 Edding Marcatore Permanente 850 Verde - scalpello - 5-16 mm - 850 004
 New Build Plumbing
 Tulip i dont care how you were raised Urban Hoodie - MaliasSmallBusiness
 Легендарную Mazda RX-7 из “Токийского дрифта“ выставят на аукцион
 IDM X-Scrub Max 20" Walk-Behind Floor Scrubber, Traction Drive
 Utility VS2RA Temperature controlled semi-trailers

^^^^^^^^^^^^^^^^

- ACTION ITEM
Only the lines from the one bearing "Tulip i dont" through the end of the entries above belong in the answer, each one exactly as given.

- RESPONSE
 Tulip i dont care how you were raised Urban Hoodie - MaliasSmallBusiness
 Легендарную Mazda RX-7 из “Токийского дрифта“ выставят на аукцион
 IDM X-Scrub Max 20" Walk-Behind Floor Scrubber, Traction Drive
 Utility VS2RA Temperature controlled semi-trailers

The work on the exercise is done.